Еще против телеологического доказательства бессмертия души человеческой приводят следующий аргумент. Некоторые люди уже в земной жизни видимым образом раскрывают все то идеальное содержание, которое заключалось в их природе. Развитие их иногда доходит до полной реализации своих индивидуальных сил, и с того момента в них уже начинается поворот назад.

Но это наблюдение неточно и односторонне. Если некоторые люди под конец своей жизни кажутся не могущими уже идти дальше и дальше развиваться, то они только кажутся такими. На самом же деле отнюдь нельзя оспаривать той истины, что в настоящей жизни человек развивается односторонне, так что если в нем до возможного предела раскрывается одно идеальное дарование, то остальные присущие его природе дарования или едва пробуждаются, или раскрываются не полностью.

Так Гете сказал о себе: "Я охотнее помирюсь с несправедливостью, чем равнодушно перенесу беспорядок". Но и в сфере чисто нравственных влечений и способностей, развиваемых человеком в настоящей жизни, замечается также односторонность. Иной обнаруживает замечательно правдивый характер, но у него недостает мягкости и нежности сердца; другой обладает любящим, всепрощающим сердцем, но зато у него или слабо умственное развитие, или нет силы воли и т.д. Таким образом, если бы даже человек мог достигнуть в земной жизни полного развития какой-либо из своих способностей (чего допустить, однако, нельзя), то этим все-таки далеко еще не исчерпывалось бы все содержание и все богатство его духовных дарований.

Обладая умом, жаждущим истины, и волей, стремящейся к нравственному совершенству, человек одарен еще сердцем, жаждущим счастья, блаженства. Все мы "о счастии с младенчества тоскуем" и ищем его до гробовой доски, так что жизнь человека едва ли несправедливо будет охарактеризовать, назвав ее погоней за счастьем. Но сколько на свете несчастных!

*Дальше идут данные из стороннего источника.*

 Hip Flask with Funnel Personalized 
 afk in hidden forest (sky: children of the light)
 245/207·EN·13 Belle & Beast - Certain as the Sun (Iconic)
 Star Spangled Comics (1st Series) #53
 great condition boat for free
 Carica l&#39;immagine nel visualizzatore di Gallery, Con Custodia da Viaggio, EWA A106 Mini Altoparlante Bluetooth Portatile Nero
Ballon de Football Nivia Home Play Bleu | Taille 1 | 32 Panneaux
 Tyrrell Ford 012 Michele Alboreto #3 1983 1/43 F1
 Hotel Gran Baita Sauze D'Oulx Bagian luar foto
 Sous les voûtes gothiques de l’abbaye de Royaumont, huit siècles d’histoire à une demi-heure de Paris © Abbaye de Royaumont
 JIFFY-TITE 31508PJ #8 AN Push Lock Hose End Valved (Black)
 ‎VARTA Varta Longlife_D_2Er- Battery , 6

А где счастливые? Найдется ли хоть один человек, который мог бы сказать о себе чистосердечно, что сердце его вполне довольно и покойно, ничего не желает, ни о чем не тоскует? С самого начала жизни наша природа, пробуждаясь вместе со всеми ее потребностями и силами, встречает мир, по-видимому, представляющий безграничную область для удовлетворения этих потребностей и для развития этих сил. При взгляде на этот мир, кажущийся таким светлым и полным счастья, наша природа порывается к нему с горячими надеждами и ожиданиями. И ни одна из этих надежд не осуществляется, ни одно из этих ожиданий не оправдывается.

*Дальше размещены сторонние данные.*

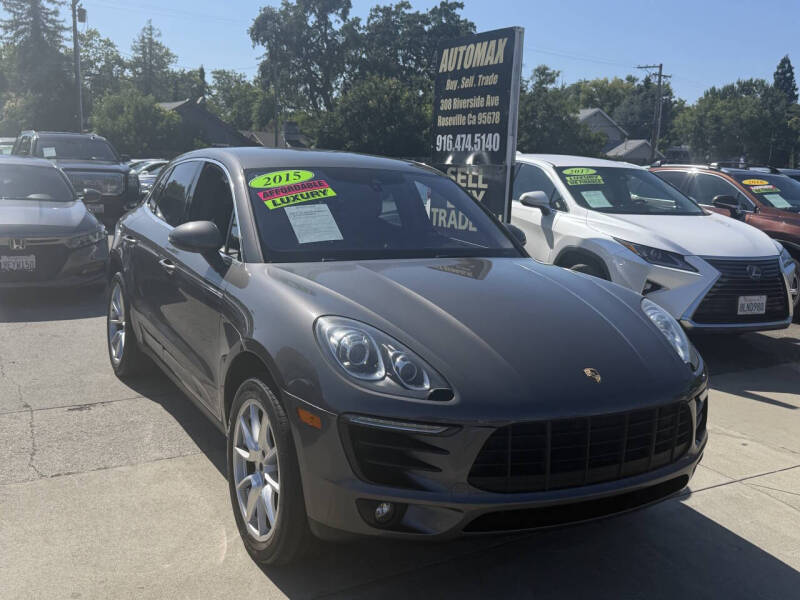 2015 Porsche Macan S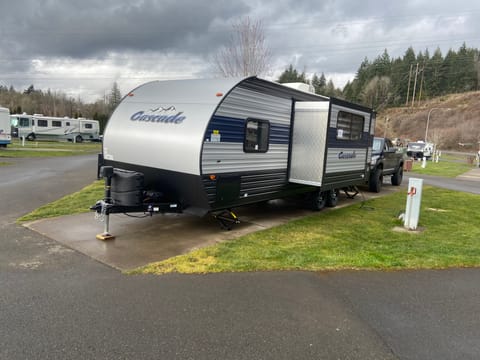 2021 Forest River RV Cherokee Grey Wolf 23DBH Towable trailer in Puget Sound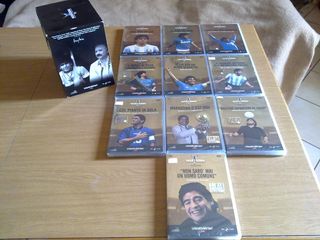 Cofanetto 10 DVD Maradona Ed. Limitata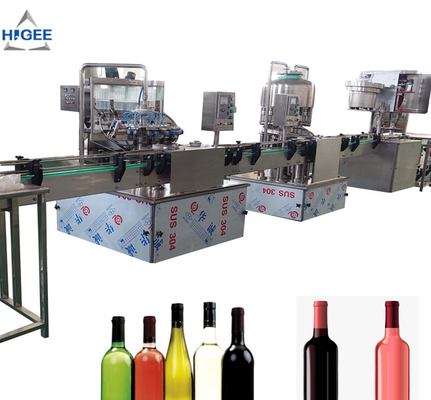 China Linha carbonatada álcool da máquina de enchimento da bebida para a selagem da GIM do uísque da vodca fornecedor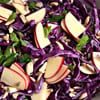 Purple Cabbage & Apple Salad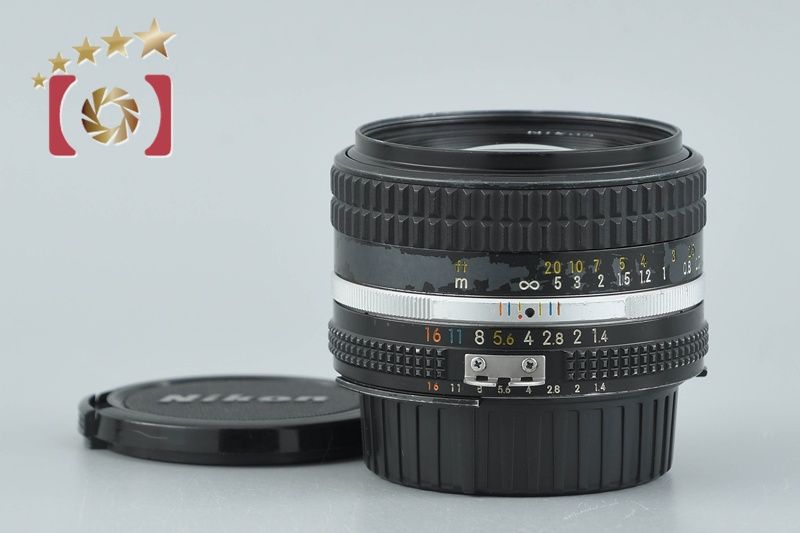 【中古】Nikon ニコン Ai-S NIKKOR 50mm f/1.4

Пока мы молоды, несчастье нас больше удивляет, чем ужасает: нам кажется, что оно есть только аномалия, и вера наша в счастье не колеблется. Аномалия эта повторяется; но мы все еще крепимся. Но наконец какой-нибудь слишком сильный удар поражает нас - и вдруг открывает нам глаза. А затем, чем дольше мы живем, тем яснее и яснее представляется нам и обнажается перед нами печальная истина: надежды, которыми прежде смягчались несчастья, исчезают и сменяются горьким разочарованием. В конце концов мы приходим к тому же заключению, к которому пришел некогда премудрый царь израильский, имевший полную возможность узнать и оценить человеческое счастье: "Все суета".

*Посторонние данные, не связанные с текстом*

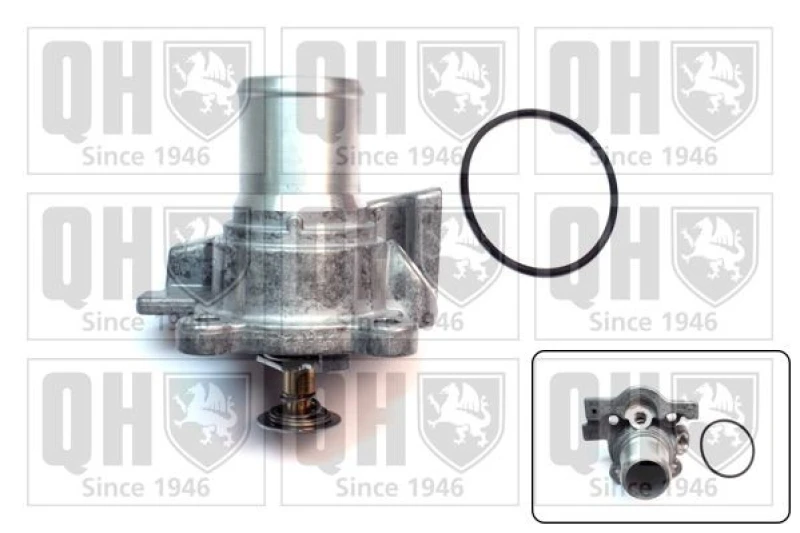 Image of QUINTON HAZELL Thermostat QUINTON HAZELL QTH687K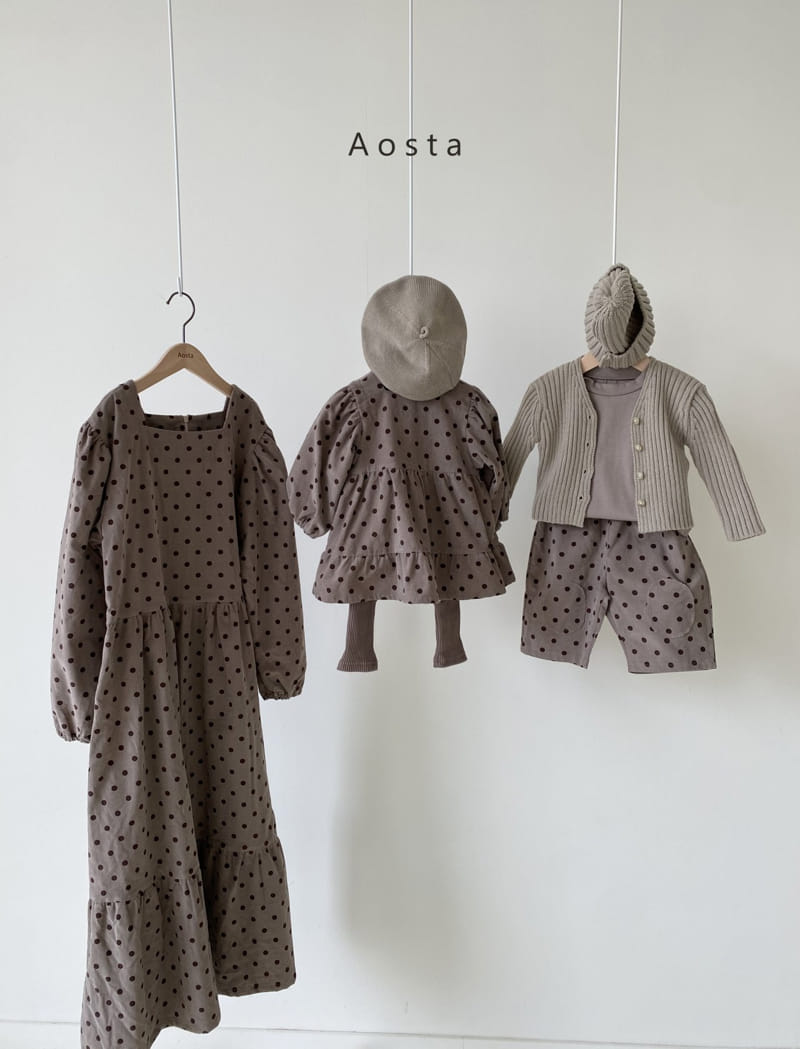 AOSTA - Korean Children Fashion - #Kfashion4kids - Goop One-piece - 7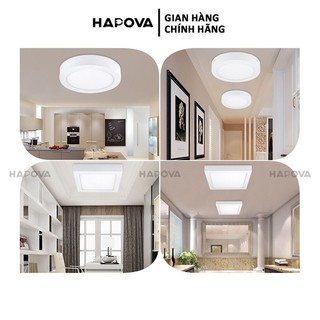 Đèn ốp trần nổi đẹp HAPOVA UKAS 1019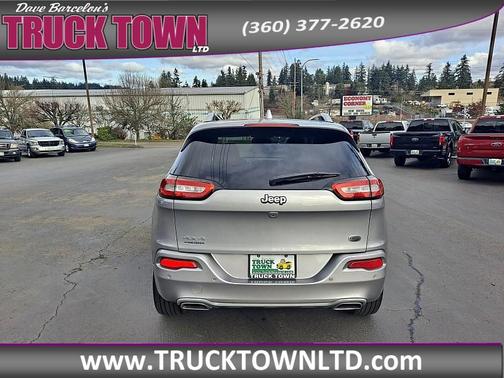 2017 Jeep Cherokee Overland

В чем же заключается тайна невозможности ничем земным удовлетворить сердце человеческое? Вся тайна заключается в том, что на свете нет ничего такого, что могло бы само по себе и навсегда доставить нам счастье. За всяким удовлетворенным желанием у нас является тотчас новое желание, требующее удовлетворения; и вся наша жизнь, строго говоря, есть нескончаемая погоня за тем, чего у нас нет и обладание этим никогда не удовлетворит нас вполне. В земной жизни мы можем иметь только предчувствие и предвкушение истинного счастья, предназначенного человеку, который тоскует по нему, не находя его. Мы будем наслаждаться этим счастьем только в соединении с Вечным Источником его - Богом. Оно будет дано нам на новом небе и новой земле. Тогда Бог отрет всякую слезу с наших глаз и не будет уже ни смерти, ни плача, ни вопля, ни болезни, ибо все прежнее пройдет (Откр. 21:4). "Ты создал нас для Себя, и сердце мое неспокойно до тех пор, пока не найдет покоя в Тебе," - пишет блж. Августин.

Мы слышим со стороны неверующих в жизнь будущего века рассуждение такого рода: "Человеку жаль расстаться с жизнью; он испытывает в жизни много бедствий, несчастий, скорбей - и вот у него являются представления о будущей жизни, в которой он разделит с благим Богом Его блаженство" (Фейербах).